We don't have direct physical access to the device's address space, in
the sense the device is still free to perform remapping of chunks of NVM
underneath us. The problem is that when a block or address range (as
small as a cache line) goes bad, the device maintains a poison bit for
every affected cache line. Behind the scenes, it may have already
remapped the range, but the cache line poison has to be kept so that
there is a notification to the user/owner of the data that something has
been lost. Since NVM is byte addressable memory sitting on the memory
bus, such a poisoned cache line results in memory errors and SIGBUSes.
Compared to tradational storage where an app will get nice and friendly
(relatively speaking..) -EIOs.
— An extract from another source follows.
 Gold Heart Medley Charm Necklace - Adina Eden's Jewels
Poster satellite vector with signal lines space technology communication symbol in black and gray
The whole badblocks implementation was
done so that the driver can intercept IO (i.e. reads) to _known_ bad
locations, and short-circuit them with an EIO. If the driver doesn't
catch these, the reads will turn into a memory bus access, and the
poison will cause a SIGBUS.

This effort is to try and make this badblock checking smarter - and try
and reduce the penalty on every IO to a smaller range, which only the
filesystem can do.

> 
> > 
> > A while back, Dave Chinner had suggested a move towards smarter
> > handling, and I posted initial RFC patches [1], but since then the topic
> > hasn't really moved forward.
> > 
> > I'd like to propose and have a discussion about the following new
> > functionality:
> > 
> > 1. Filesystems develop a native representation of badblocks. For
> > example, in xfs, this would (presumably) be linked to the reverse
> > mapping btree. The filesystem representation has the potential to be 
> > more efficient than the block driver doing the check, as the fs can
> > check the IO happening on a file against just that file's range. 
> 
> What do you mean by "file system can check the IO happening on a file"?
> Do you mean read or write operation? What's about metadata?
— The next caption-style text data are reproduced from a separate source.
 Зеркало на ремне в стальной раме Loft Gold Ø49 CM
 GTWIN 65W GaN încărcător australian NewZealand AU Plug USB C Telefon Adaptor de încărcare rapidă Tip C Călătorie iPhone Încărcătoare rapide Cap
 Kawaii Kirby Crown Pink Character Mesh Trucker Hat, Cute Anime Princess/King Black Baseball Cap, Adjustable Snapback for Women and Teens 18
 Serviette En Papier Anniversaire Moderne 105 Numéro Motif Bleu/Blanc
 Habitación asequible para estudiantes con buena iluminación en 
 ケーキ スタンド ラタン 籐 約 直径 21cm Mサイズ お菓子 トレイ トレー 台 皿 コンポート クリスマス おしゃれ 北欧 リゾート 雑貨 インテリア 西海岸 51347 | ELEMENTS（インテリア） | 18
For the purpose described above, i.e. returning early EIOs when
possible, this will be limited to reads and metadata reads. If we're
about to do a metadata read, and realize the block(s) about to be read
are on the badblocks list, then we do the same thing as when we discover
other kinds of metadata corruption.

> 
> If we are talking about the discovering a bad block on read operation then
> rare modern file system is able to survive as for the case of metadata as
> for the case of user data. Let's imagine that we have really mature file
> system driver then what does it mean to encounter a bad block? The failure
> to read a logical block of some metadata (bad block) means that we are
> unable to extract some part of a metadata structure. From file system
> driver point of view, it looks like that our file system is corrupted, we need
> to stop the file system operations and, finally, to check and recover file
> system volume by means of fsck tool. If we find a bad block for some
> user file then, again, it looks like an issue. Some file systems simply
> return "unrecovered read error". Another one, theoretically, is able
> to survive because of snapshots, for example. But, anyway, it will look
> like as Read-Only mount state and the user will need to resolve such
> trouble by hands.

As far as I can tell, all of these things remain the same. The goal here
isn't to survive more NVM badblocks than we would've before, and lost
data or lost metadata will continue to have the same consequences as
before, and will need the same recovery actions/intervention as before.
The goal is to make the failure model similar to what users expect
today, and as much as possible make recovery actions too similarly
intuitive.

> 
> If we are talking about discovering a bad block during write operation then,
> again, we are in trouble. Usually, we are using asynchronous model
> of write/flush operation. We are preparing the consistent state of all our
> metadata structures in the memory, at first. The flush operations for metadata
> and user data can be done in different times. And what should be done if we
> discover bad block for any piece of metadata or user data? Simple tracking of
> bad blocks is not enough at all. Let's consider user data, at first. If we cannot
> write some file's block successfully then we have two ways: (1) forget about
> this piece of data; (2) try to change the associated LBA for this piece of data.
> The operation of re-allocation LBA number for discovered bad block
> (user data case) sounds as real pain. Because you need to rebuild the metadata
> that track the location of this part of file. And it sounds as practically
> impossible operation, for the case of LFS file system, for example.
> If we have trouble with flushing any part of metadata then it sounds as
> complete disaster for any file system.

Writes can get more complicated in certain cases. If it is a regular
page cache writeback, or any aligned write that goes through the block
driver, that is completely fine. The block driver will check that the
block was previously marked as bad, do a "clear poison" operation
(defined in the ACPI spec), which tells the firmware that the poison bit
is not OK to be cleared, and writes the new data. This also removes the
block from the badblocks list, and in this scheme, triggers a
notification to the filesystem that it too can remove the block from its
accounting. mmap writes and DAX can get more complicated, and at times
they will just trigger a SIGBUS, and there's no way around that.

> 
> Are you really sure that file system should process bad block issue?
> 
> >In contrast, today, the block driver checks against the whole block device
> > range for every IO. On encountering badblocks, the filesystem can
> > generate a better notification/error message that points the user to 
> > (file, offset) as opposed to the block driver, which can only provide
> > (block-device, sector).
> >
> > 2. The block layer adds a notifier to badblock addition/removal
> > operations, which the filesystem subscribes to, and uses to maintain its
> > badblocks accounting. (This part is implemented as a proof of concept in
> > the RFC mentioned above [1]).
> 
> I am not sure that any bad block notification during/after IO operation
> is valuable for file system. Maybe, it could help if file system simply will
> know about bad block beforehand the operation of logical block allocation.
> But what subsystem will discover bad blocks before any IO operations?
> How file system will receive information or some bad block table?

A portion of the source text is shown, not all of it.